KAAT白井晃インタビュー|海を見て深呼吸しながら──芸術監督ラストイヤーに込める思い

多彩なアーティストとの継続的な関係性作り

──KAATのラインナップの特徴の1つとして、継続的な関係があるアーティスト、劇団がいますね。それは白井さんのご意向ですか?

白井晃

そうですね。プログラム会議でみんなの意見を募りつつ、具体的にラインナップを詰めていく際には、あまりにいろいろなアイデアがあってまとまらないので(笑)、“芸術監督が指名する演出家”という形で方針を決めさせていただきました。それまでKAATは開館以来、地点の三浦基さん、チェルフィッチュの岡田利規さんなどとレジデントアソシエイト的なお付き合いがあったのですが、僕が芸術監督になったときにそれぞれ別個にお会いし、作品も拝見し、彼らがKAATに求めること、KAATが彼らに求めることについて話をしました。その結果、三浦さんと岡田さんにはその後も継続して関わっていただくことになって。ただ、自分自身もディレクターなので、異なる方法論を持つ演出家との話し合いは、なかなか大変な作業でもありました。

──白井さんが芸術監督になられてから、新たにKAATに関わるようになったアーティストもいます。

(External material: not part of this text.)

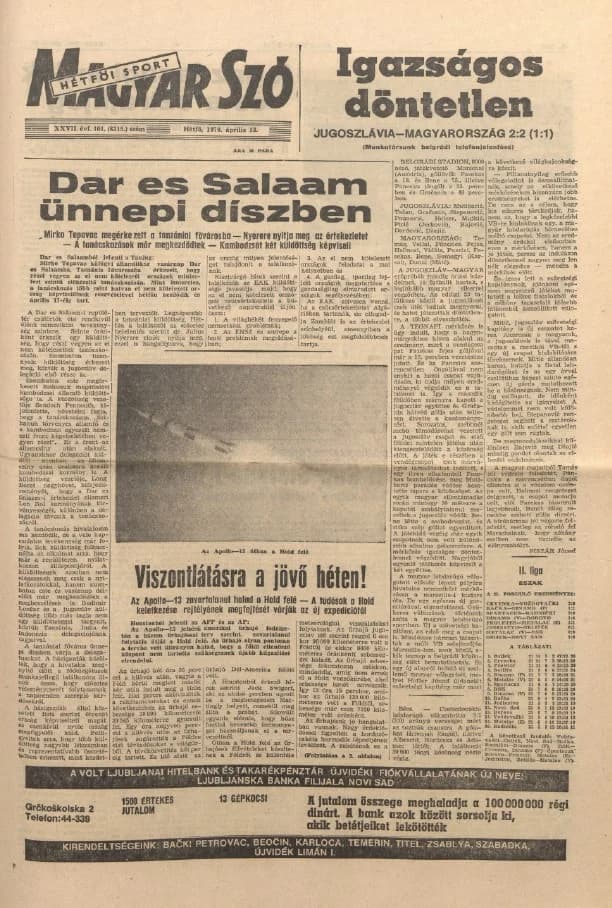 Magyar Szó, 27. évf. 1970. április 13. 101. sz. 1–16. oldal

当時三十代前半だった、谷賢一さんと杉原邦生さんですね。彼らにはすごくエネルギーを感じて。やっぱりいつの時代も、主流に対するカウンターが生まれるものだと思っています。例えば僕たちの時代には、新劇に対するカウンターとしてアングラが生まれ、アングラが地下からはい出てこようとして野田秀樹さんのような小劇場の運動が生まれた。しかしそのパワフルな方向に対するアンチテーゼとして平田オリザさんの現代口語演劇があって……そのカウンターも今後、きっと生まれてくるはずだと思ったんです。僕自身は、寺山修司、鈴木忠志、唐十郎、串田和美、佐藤信、太田省吾という6人に薫陶を受けています。僕にとって演劇は、現実からはみ出すような、既成の概念を超越した特権的な肉体から生まれる場、という精神から始まっていて、その点で、谷さんや杉原さんの“何をやりだすかわからないところ”に共通項があり、すごくパワーを感じます。2人とも演劇が好きだし、「これしかない」というような、逃げ場を作ってない感じがするところがいいんですよね。

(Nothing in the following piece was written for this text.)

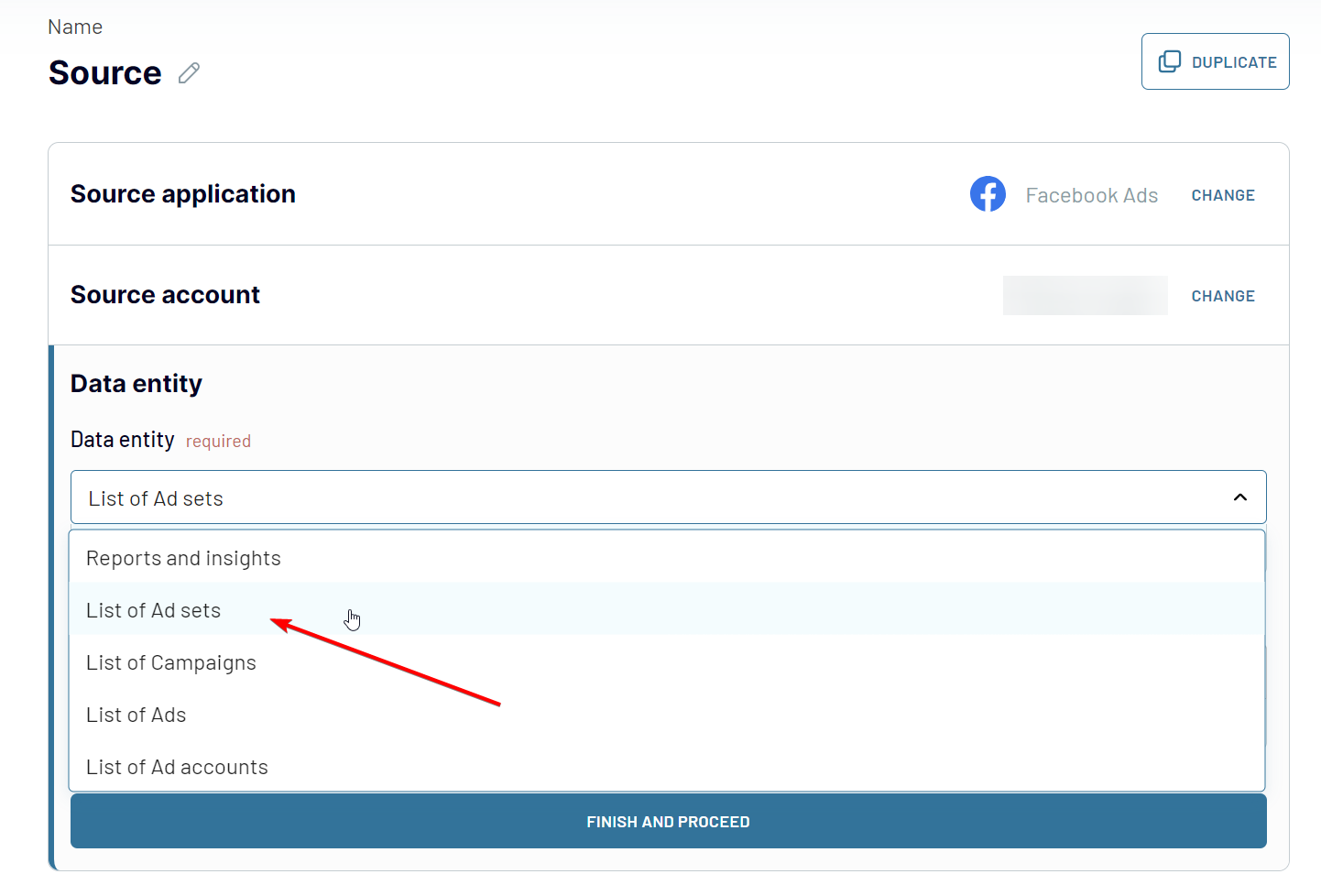 facebook ads exportar lista conjuntos de anuncios acoplador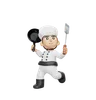 Male Chef Holding Pan And Spatula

──2020年度のラインナップにはほかにも、これまでもKAATに携わっている、サンプルの松井周さん、東京デスロックの多田淳之介さんのお名前が見られます。

白井晃

松井さんとは、私がKAATに来た直後から、稽古場レポートをしていただいたり、お話をさせていただく機会が多かったです。杉原邦生さん演出の新作を書いていただいたり。松井さんは、本当に人間の見方が不思議で。まるで昆虫採取した籠の中の虫を見るみたいに人間観察されるんです。ご自分でも変態だとおっしゃってますが(笑)、確かに人の見方や切り口が彼独特の粘りがあって、いつも何を考えているのか聞くのがとても楽しいんです。そして、話し合っていくうちにいろいろな広がりが出てくる。多田さんには、創作方法に極めてシンパシーを感じています。古典戯曲に現代の社会状況を同時並行させながら紡いでいくやり方に、私はすごく共感します。演劇とはどのような仕掛けを施すかですが、常に現代の社会性を仕掛ける意味でとても親近感を覚えているんです。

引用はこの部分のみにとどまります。